Each weekend, I analyze market conditions using sentiment and technical indicators. The goal is to determine if we are in a bullish, bearish, or sideways market environment. *
JUST RELEASED: Understanding Options (McGraw-Hill, 2E) and Understanding Stocks (McGraw-Hill, 2E): http://bit.ly/1bl0ZNk
My latest MarketWatch article (January): http://on.mktw.net/1bEjAEc
AAII survey (1/1/2014)
43.1% Bullish. 29.3% Bearish.
Bearish: If sentiment is over 50% bullish.
Bullish: If sentiment is over 50% bearish.
Investor’s Intelligence (1/1/2014)
61.6% Bullish. 15.2% Bearish.
Bearish: If sentiment is over 60% bullish.
Bullish: If sentiment is over 60% bearish.
CBOE Equity Put/Call Ratio: .56
Bearish: Less than or near .50 is bearish (more call options are being bought).
Bullish: Higher than or near 1.0 is bullish (more put options are being bought)
Bearish: Less than or near 12.
Bullish: Greater than or near 40.
Moving Averages (daily): S&P 500 is above its 50-day moving average, its 100-day and 200-day MA, and pointing down.
Bearish: Index crosses below 50-, 100-, or 200-day MA.
Bullish: Index crosses over 50-day, 100-day, and 200-day MA.
MACD: MACD is above the zero line, above its red 9-day signal line, and pointing down (slightly). (Note: I’m using the settings, 19,39,9, recommended by Gerald Appel, MACD’s creator.)
Bearish: MACD line crosses below 9-day (red or gray) signal line.
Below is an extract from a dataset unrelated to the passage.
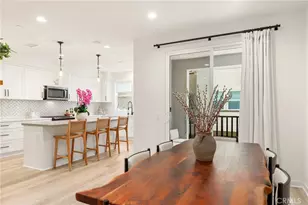 55 Sanctuary Ln, Mission Viejo, CA 92692 - Photo 9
MACD line (black line) crosses below zero line.
Bullish: MACD line crosses above 9-day signal line. MACD line crosses above zero line.
RSI: RSI is at 60.53 (on 1/3/2014)
Overbought: When RSI rises to 70 or above.
Oversold: When RSI falls to 30 or below.
Note: RSI can remain overbought or oversold for extended time periods.
Bonds: U.S. 10-year yield is at 3.00% (on 1/3/2014)
Note: 3.0% or higher is significant (consider selling bond funds as yield rises). 3.5% or higher and risk increases (for bondholders).
Analysis: Sentiment is still on the high side, but not extreme. Technical indicators, although bullish, are giving mixed signals. This is the time to sit back and let the market lead the way.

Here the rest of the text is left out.